■ WORK REQUEST ■
What is wanted is the full listing, word for word, without its pictures.

■ MATERIAL PROVIDED ■

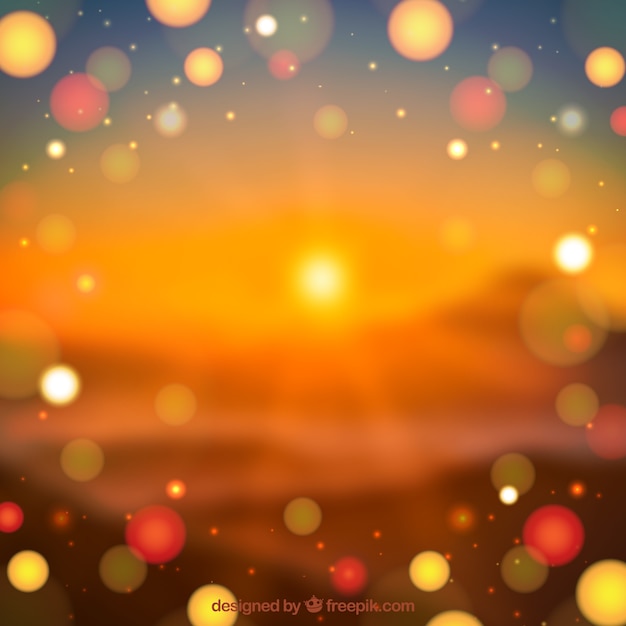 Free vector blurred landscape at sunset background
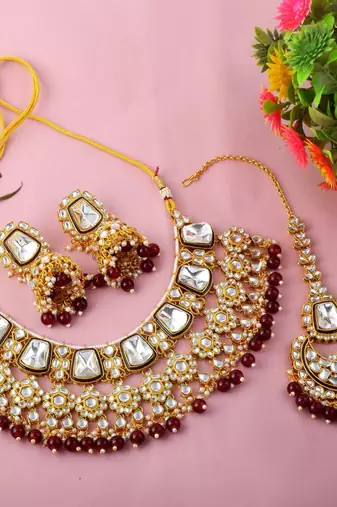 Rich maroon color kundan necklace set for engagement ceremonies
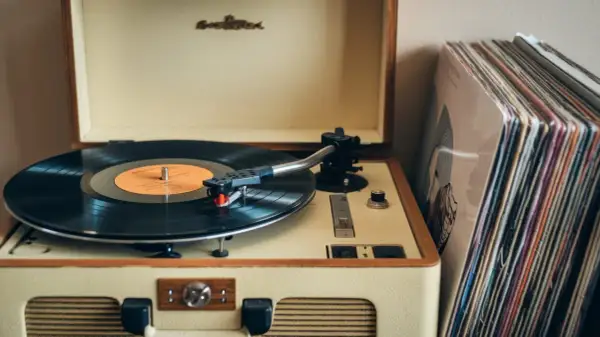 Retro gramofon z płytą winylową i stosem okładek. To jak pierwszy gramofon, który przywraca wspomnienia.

■ REPLY TO THE TASK ■
 Free vector blurred landscape at sunset background
 Rich maroon color kundan necklace set for engagement ceremonies
 Retro gramofon z płytą winylową i stosem okładek. To jak pierwszy gramofon, który przywraca wspomnienia.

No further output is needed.